Burton's influence, which obviously looms large, also extends to McCarthy's Hunter S. Thompson project, which was the topic of his master's thesis and will likely be the focus of his next jazz record. "It's kind of unique. I originally wanted to put together a quintet that mirrored Gary's band from the '70s—with two guitarists, like when Pat Metheny and Mick Goodrick were the guitarists and Steve Swallow and Bob Moses were also in the band." he shares. "So I started writing this music that was aligned with that sound but based on the writings of Hunter S. Thompson." Those pieces initially captured the mood of that author's work, but, at the suggestion of one of his professors, McCarthy went deeper into the concept to develop a more literal method of drawing sound from the written word. "I ended up creating what I call 'The Gonzo Cypher.' It basically correlates each letter of the alphabet to a musical note, so I can actually take a sentence of his writing, put it through the cypher and end up with a set of notes that, in order, would correspond to the letters and words," he explains. "Then it's sort of like serial music. I have this tone row that I can do whatever I want with as long as I follow the rules of serialism. So now I've written a bunch of music that involves that, so I have some pieces where the melody is playing one line of [Thompson's] writing, the bass line is a different line of his writing, and [so on and so forth]. I can't wait to get it in front of the band and play some of it!" That project's inaugural gig took place in March of 2020, right before COVID-19 closed everything down, so things were technically grounded before they really took off. But that hasn't necessarily hampered progress. This work remains a focus for McCarthy, who has since completed his degree and added to the band's book.

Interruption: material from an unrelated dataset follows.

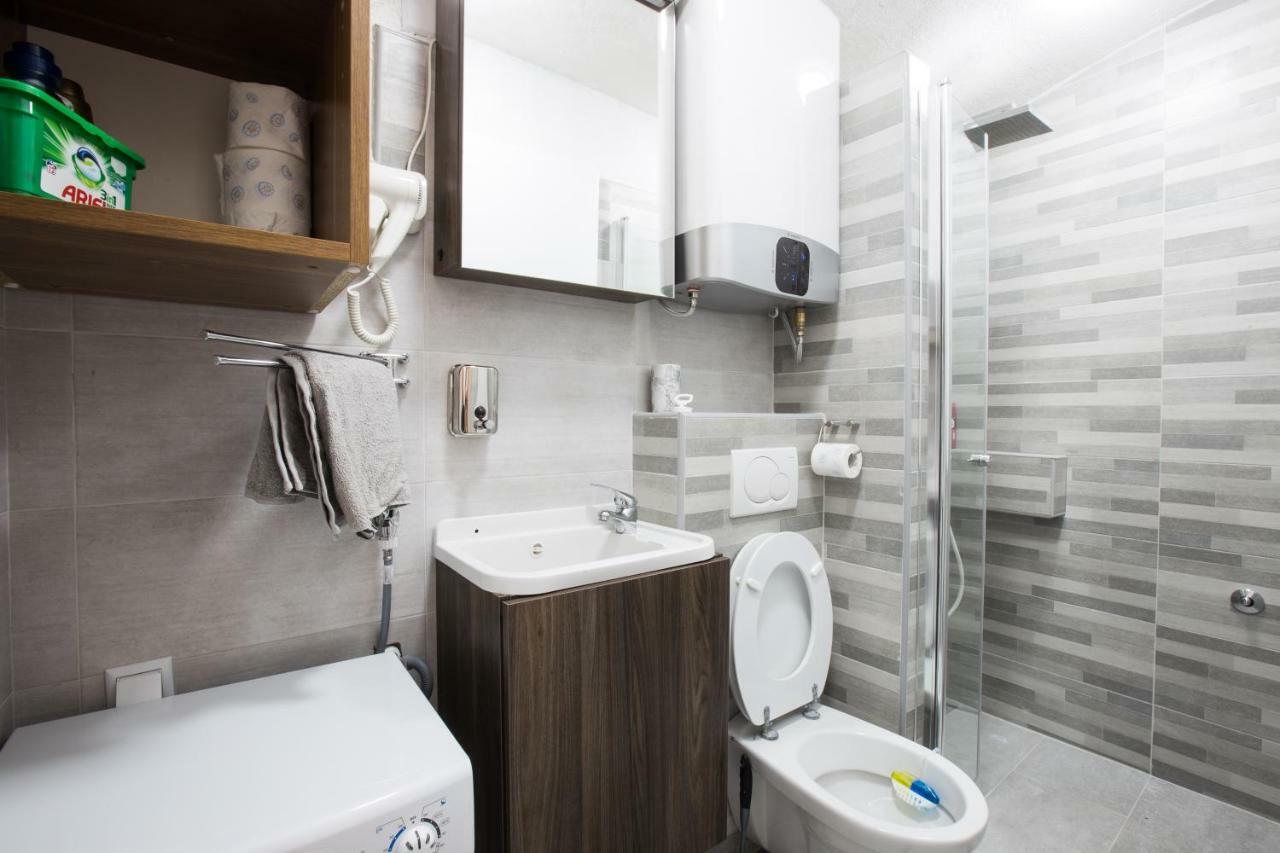 Apartman Vita Загреб Экстерьер фото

While the long road from the rise of COVID-19 to the spring of 2021 has come with many challenges, both obvious and not, nothing has been insurmountable for McCarthy. This artist has learned to overcome and, in many ways, the pandemic has made him more active than ever. Sharpening his skills as a solo vibraphonist, McCarthy posted a series of impressive videos on social media. Through forced downtime he found the opportunity to dig into the archives and release some sessions like The Toronto Quartet EP (Self-Produced 2020), which takes things back to 2001 and provides a glimpse of the young Dan McCarthy in almost the exact same company as on City Abstract, and Méjis (Self-Produced, 2020), which was recorded in New York in 2018 and features pianist Randy Ingram, bassist Michael Bates and drummer Jeff Davis. Reuniting (virtually) with Dan Loomis and Ernesto Cervini in the loosely named DanDanNotDan, he's taken part in music assembled through distanced dimensions. And teaming up with his wife, vocalist Jenn McCarthy, he's leaned into electronic music with a single that signals a future, full-length album. All of that, combined with a serious workout regimen, stable day job and the responsibilities of parenthood, is a lot to handle. But it's absolutely fulfilling as it fills this man's days. Taken together, it keeps Dan McCarthy plenty busy and happy in the place where he now lives.